══ ENTRIES PROVIDED

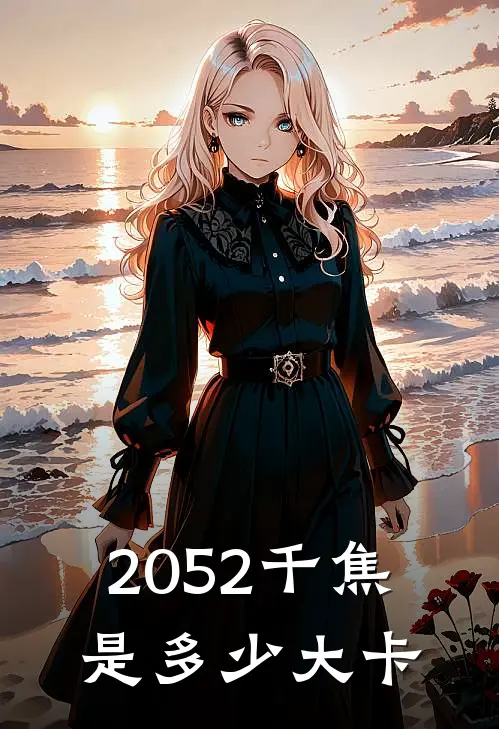 2052千焦是多少大卡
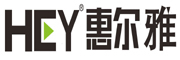 惠尔雅是什么牌子_惠尔雅品牌怎么样?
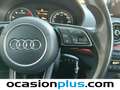 Audi Q2 1.6TDI Sport edition 85kW Schwarz - thumbnail 28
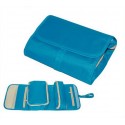 Pochette de voyage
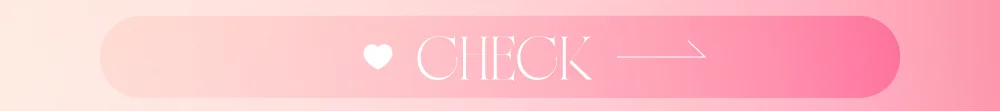 CHECK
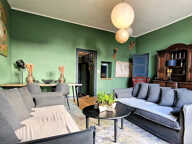 APPARTEMENT VUE MER — photo 4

════

TASK DETAILS:
From the line containing "Audi Q2 1.6TDI" down to the last line of the data, print every line exactly and nothing else. Pictures stay out of the copy.

SOLUTION BELOW:
 Audi Q2 1.6TDI Sport edition 85kW Schwarz - thumbnail 28
 Pochette de voyage
 CHECK
 APPARTEMENT VUE MER — photo 4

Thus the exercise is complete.